BEGIN MATERIAL PROVIDED
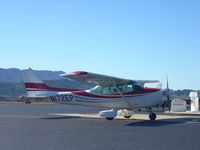 N172EP @ IZA - 2EP at fuel pit, Santa Ynez Airport - by COOL LAST SAMURAI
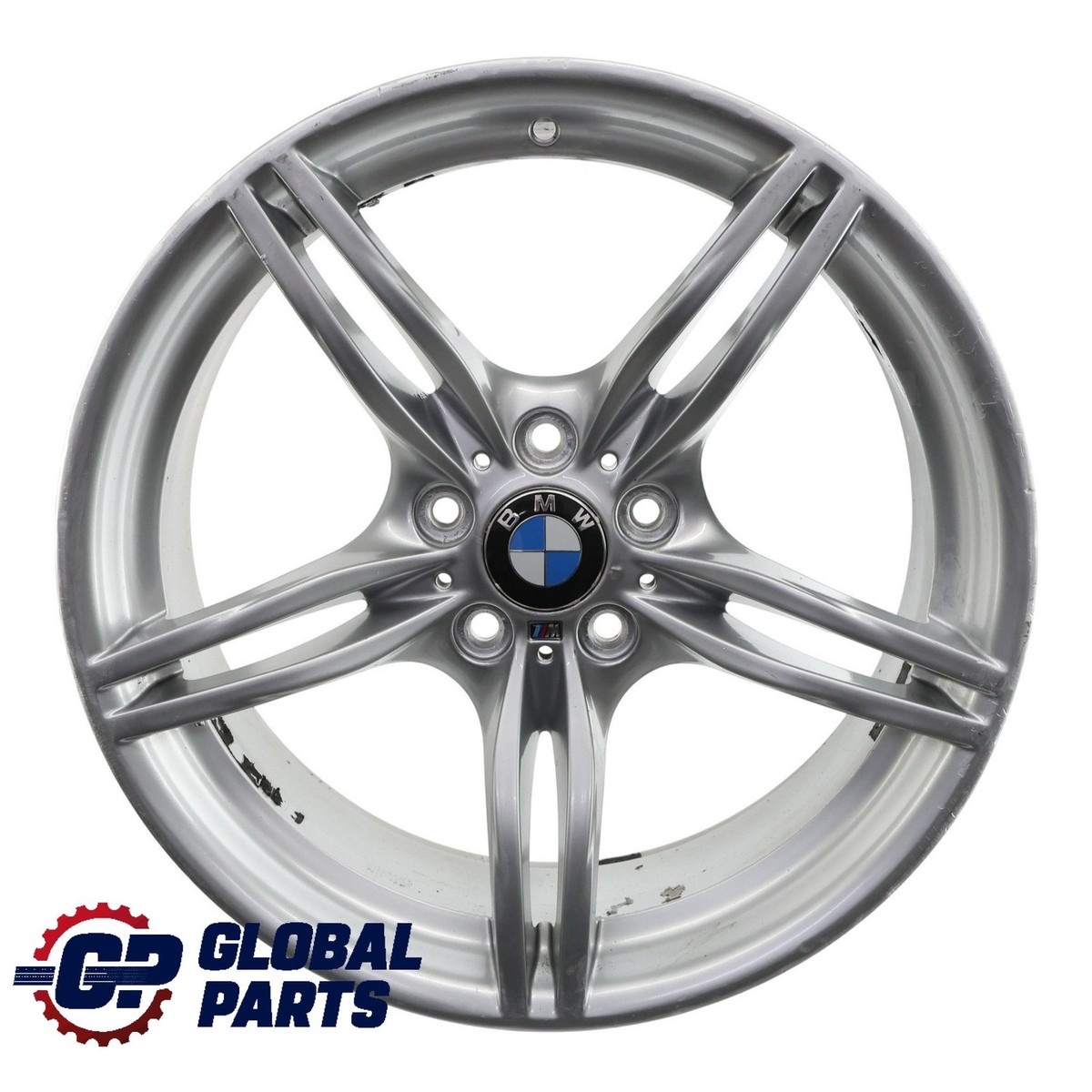 BMW Z4 E89 Front Silver Alloy Wheel Rim 19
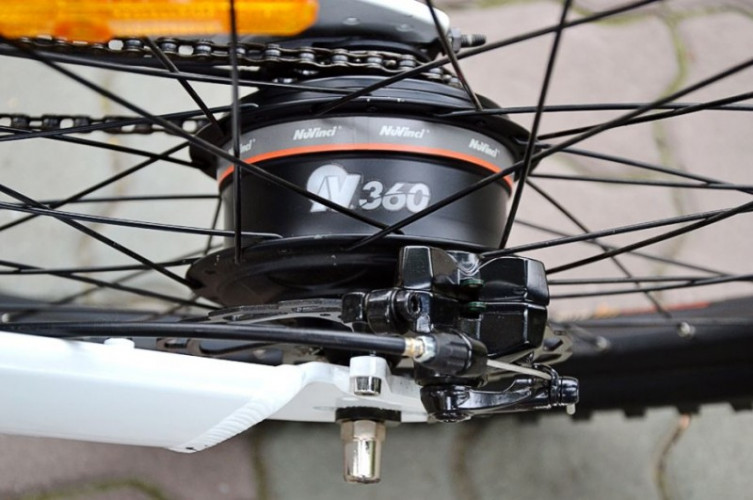 Электровелосипед Eltreco Air Volt GLS в Барнауле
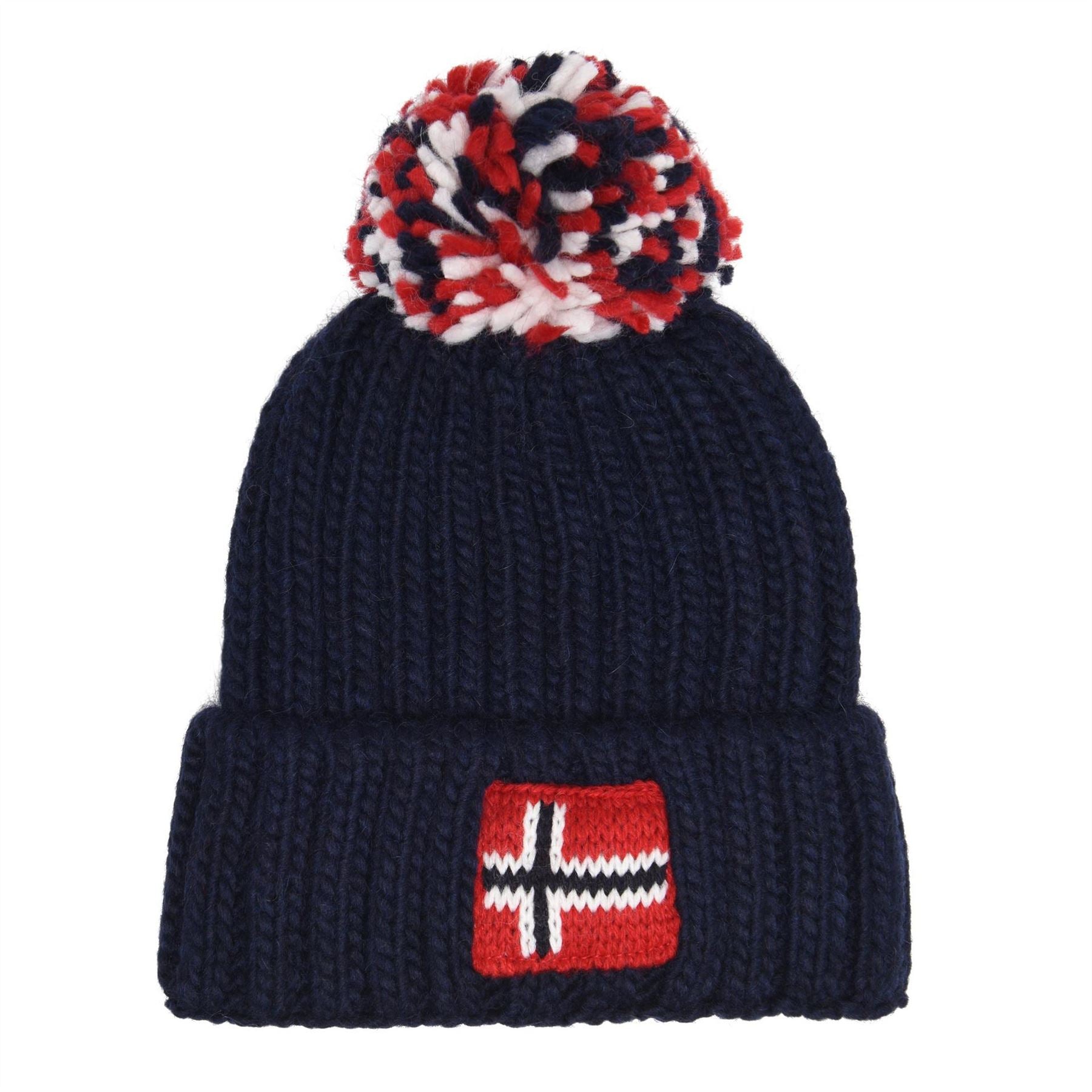 Napapijri Semiury Bobble Beanie Hat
END MATERIAL PROVIDED
GOAL OF THE EXERCISE :: Retype the full listing above precisely. Exclude each picture you find in it.

TASK SOLUTION ::
 N172EP @ IZA - 2EP at fuel pit, Santa Ynez Airport - by COOL LAST SAMURAI
 BMW Z4 E89 Front Silver Alloy Wheel Rim 19
 Электровелосипед Eltreco Air Volt GLS в Барнауле
 Napapijri Semiury Bobble Beanie Hat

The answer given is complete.